The Firebirds have a mathematical chance too, if other games fall their way, and have rushed Andy McKay and Luke Woodcock off the World Cup plane to help their cause. As for us, I’ve been trying to avoid mentioning this, but we’re three down for 24 already in slippery conditions, the high-flying top order all gone, including Daniel Flynn for a golden duck. A double hundred one day, a golden duck the next. Isn’t that just like cricket to do that to you?

But our friend La Niña might yet stick her oar in to decide what's what for 2010/11. Showers and rain are predicted for both the matches down south, while Napier may have a finer time of it. What can we say but good luck there and may the best teams win in this still-very-important bastion of traditional cricket.

The Plunket Shield sits in its carefully packed shipping container, ready for its trip to Rangiora.



***

The young Northern Districts Maori team scripted a memorable finish to their Twenty20 match against the Telecom Cook Islands at Seddon Park on Friday. Chasing ND Maori’s 151, the Cooks needed 12 runs off the last over, bowled by ND Maori captain Leighton Parsons, and were on course after the first few deliveries - but when ND Maori’s wicketkeeper-coach Graeme Stewart got a stumping off the penultimate ball, the Cooks were left needing to blast a six off the last delivery to win.

In the event, they could only squeak two off Leighton’s last delivery, handing Northern Districts Maori their maiden victory. But nobody went home unhappy. “To be within three runs of a team of the quality of ND Maori is a great achievement and we should all be proud,” the Cooks said before heading for the airport and their date in Samoa at their big two-yearly ICC East Asia-Pacific showdown. And for Northern Districts Maori there was a lot of pride in beating an international side even as the concept is still finding its feet - three of the Maori players (Shayde Perham, from St Peter’s School in Cambridge, Elliott Timoti, from Tauranga Boys’ College and Danyon Stewart from Hamilton Boys’ High) are still at school.

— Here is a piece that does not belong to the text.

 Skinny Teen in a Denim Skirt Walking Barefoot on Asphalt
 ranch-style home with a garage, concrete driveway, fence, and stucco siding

Catch coverage of the occasion and interviews with the Northern Districts Maori side on Sky Sport’s cricket show later this week. Short scoreboard: Northern Districts Maori 151/7 (Brett Sorrenson 23, William Kokaua 28, Elliott Timoti 19, Shayde Perham 17, Graeme Stewart 22, Wayken Punga 2/21, Davis Teinaki 2/16) beat Telecom Cook Islands 148/5 (Rob Samuel 33, Tino Etita 29, Vane Tangimetua 27, Toala Teinaki 19 not out, Api Mamanu 18, Danyon Stewart 2/29).